The artist had been hired by Hasbro, Inc. as an independent contractor for 3 consecutive years to create toy product display dioramas for their buyer's showroom in NYC in preparation for the Toy Fair annual toy industry trade show. In November 1990, Lisa was hired to create the Cabbage Patch Kids line showroom for Hasbro Toys. The artist was working on a 3-month contract as a vendor, with no statement of copyright or Work Made for Hire in the contract. The showroom was not open to the public; the displays were for retail store buyers only and photographed for limited run of printed product catalogs to give to buyers (photos never intended for any other commercial use). Just before the showroom opened for the 1991 Toy Fair, Lisa discovered that Hasbro had used photos of her 3D displays on the product packaging of at least one of their Cabbage Patch doll products, instead of using the product packaging imagery that had been designed by their marketing department.

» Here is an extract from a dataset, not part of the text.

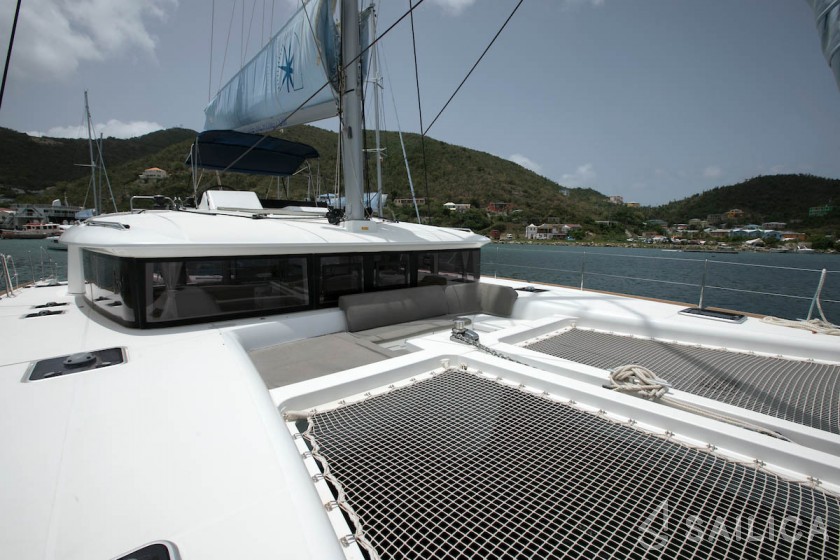 Lagoon 450  Flybridge - Yacht Charter Sailica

Lisa had not registered any of the display designs because they were never intended for any use other than the showroom display, and in past years were always destroyed when the showroom closed after a few months. Lisa contacted the graphic design department and then the legal department to ask for a usage fee. They refused.

Cabbage Patch Dolls earned approximately $100 million in retail sales for Hasbro, Inc. in 1991.

The recourse Lisa would have sought had she been able to sue the infringer would have been actual damages of a licensing fee for usage, depending upon the number of units made. The creator estimates the licensing fee to be valued between $3,500 and $6,000.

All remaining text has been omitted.